§ **Exercise objective**
When you reach the line with "Building Photo - 21015 Longeni Dr" in the records below, begin transcribing exactly and continue up to and including the line with "Handmade Butterfly Resin", leaving out every picture.

§ **Source data**
Content starts

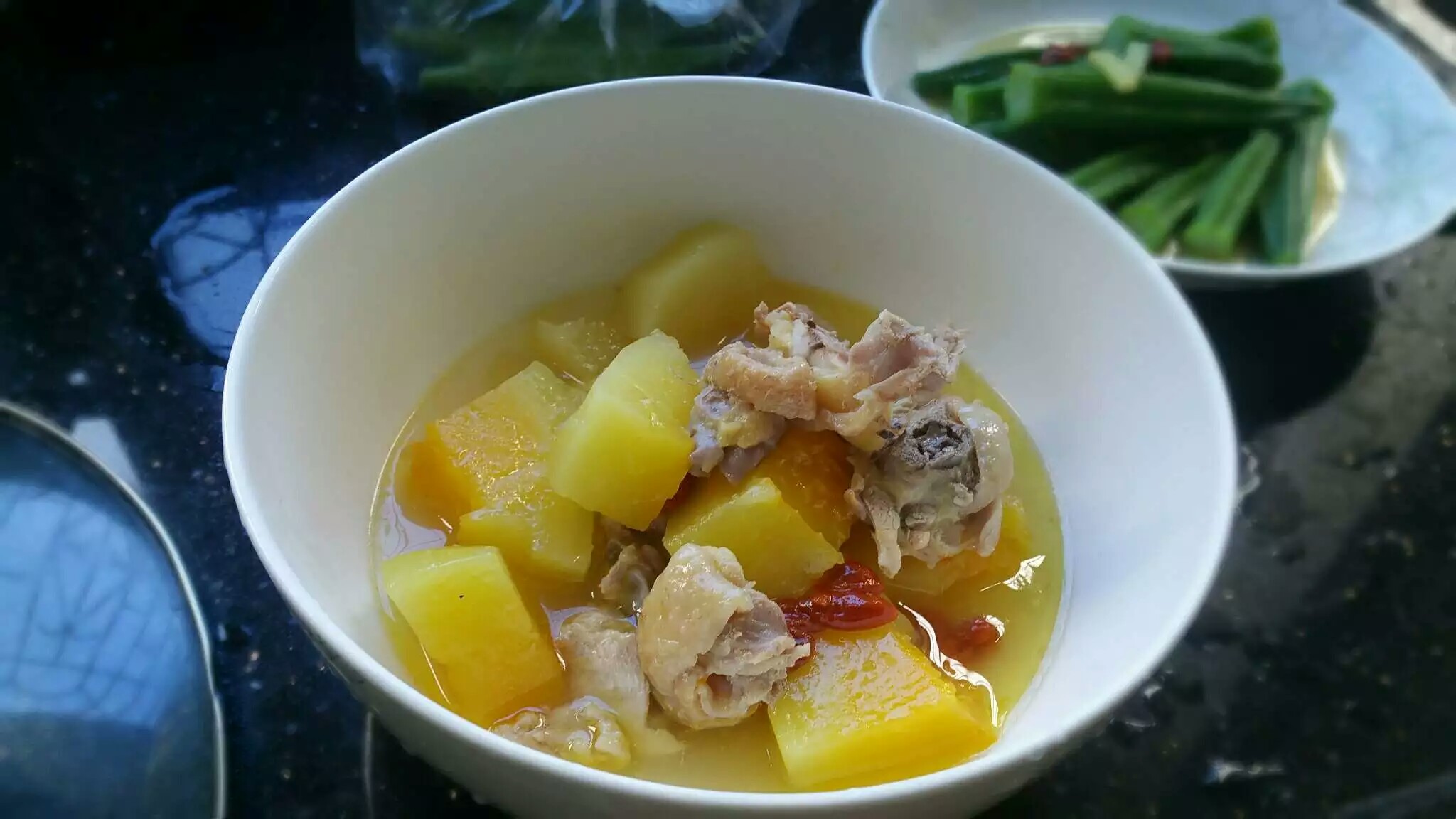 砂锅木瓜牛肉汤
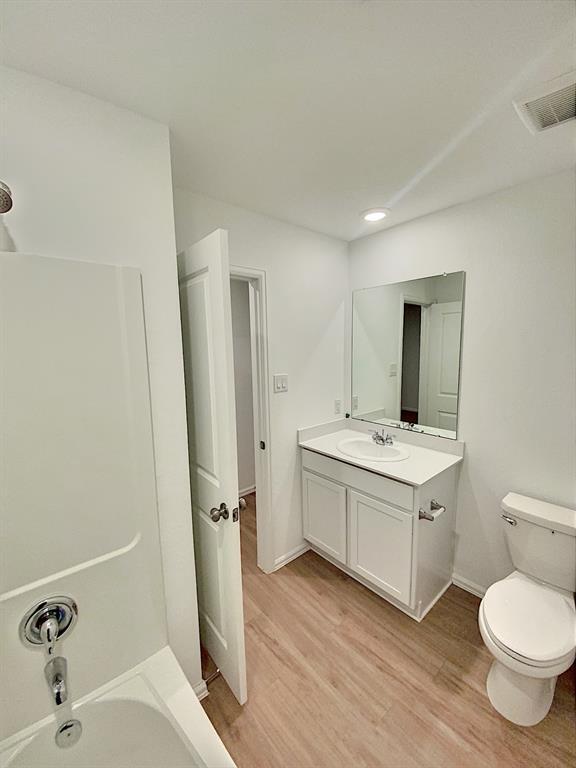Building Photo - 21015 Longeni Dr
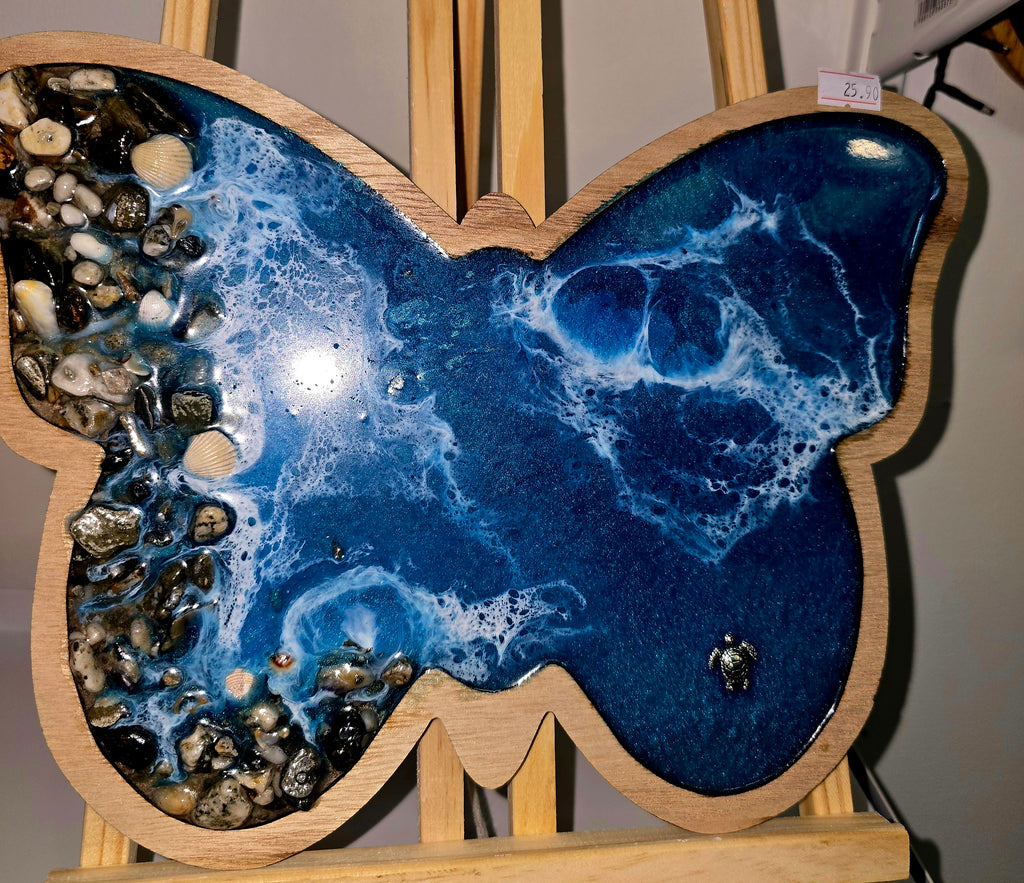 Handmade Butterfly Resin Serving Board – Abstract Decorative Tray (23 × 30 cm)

Content ends
Content starts

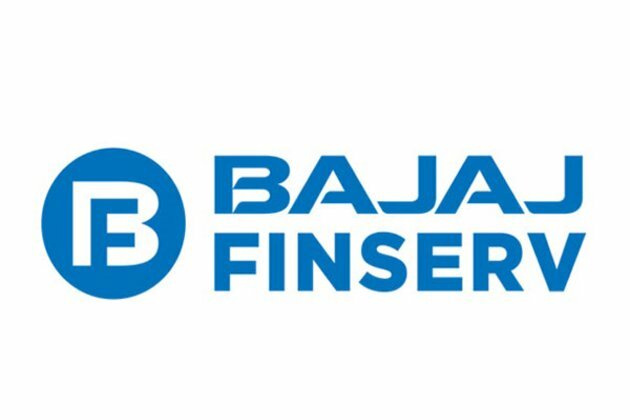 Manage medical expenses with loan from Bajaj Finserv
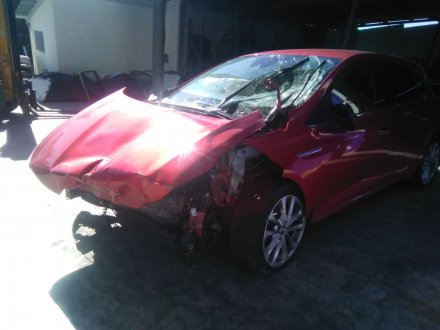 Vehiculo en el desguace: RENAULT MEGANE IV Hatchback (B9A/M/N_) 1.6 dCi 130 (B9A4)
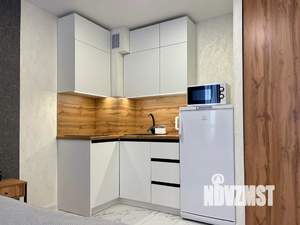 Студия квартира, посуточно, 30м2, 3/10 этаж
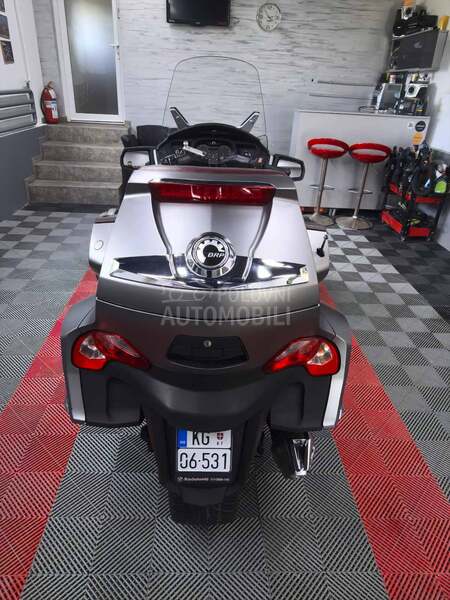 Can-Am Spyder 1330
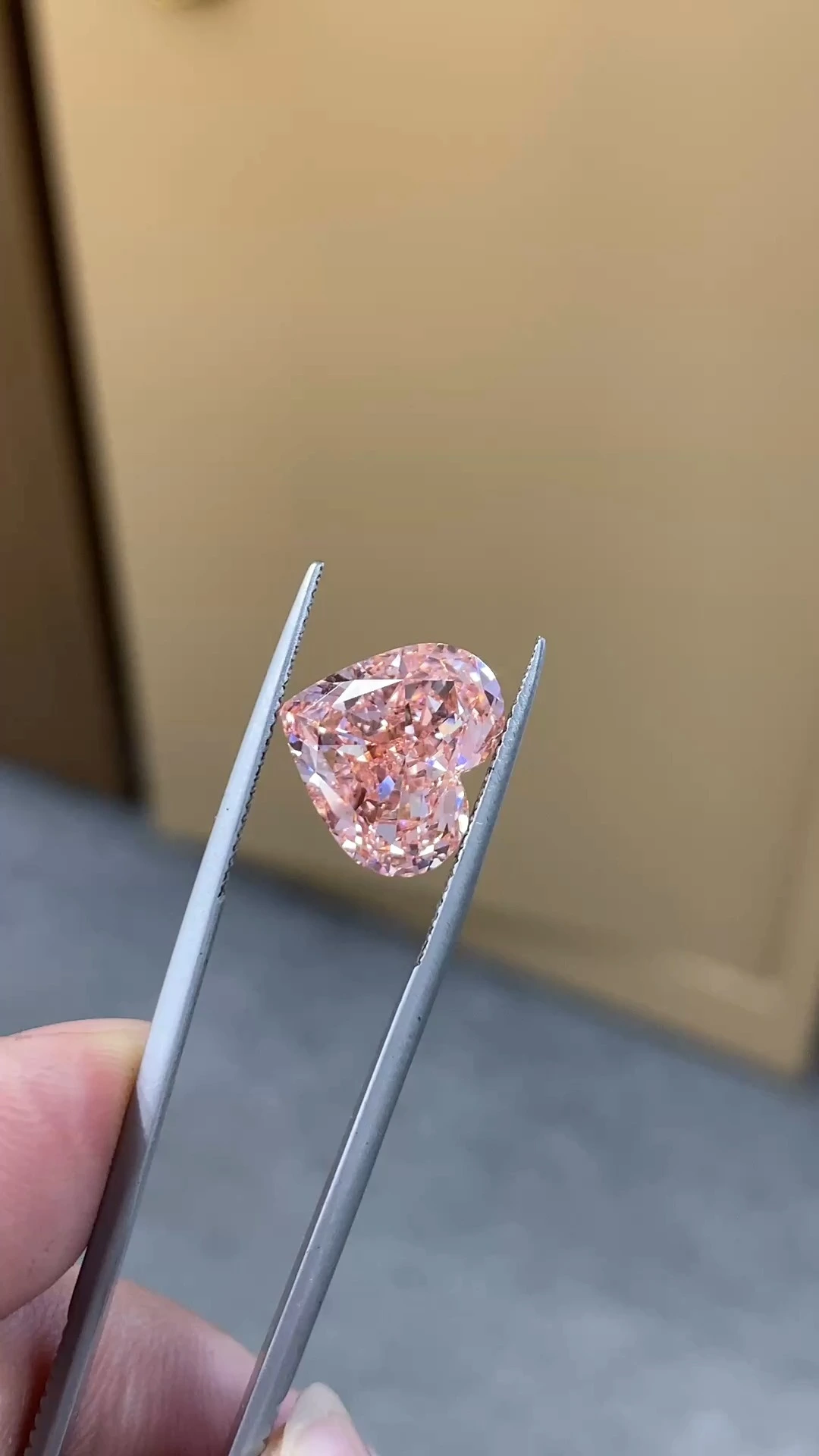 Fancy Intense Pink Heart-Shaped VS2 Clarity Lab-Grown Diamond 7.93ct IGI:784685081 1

Content ends
Content starts

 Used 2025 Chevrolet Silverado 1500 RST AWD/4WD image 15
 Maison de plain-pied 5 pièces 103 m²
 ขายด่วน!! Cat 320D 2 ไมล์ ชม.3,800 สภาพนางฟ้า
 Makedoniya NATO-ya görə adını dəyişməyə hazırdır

Content ends

§ **Solved problem**
Building Photo - 21015 Longeni Dr
 Handmade Butterfly Resin Serving Board – Abstract Decorative Tray (23 × 30 cm)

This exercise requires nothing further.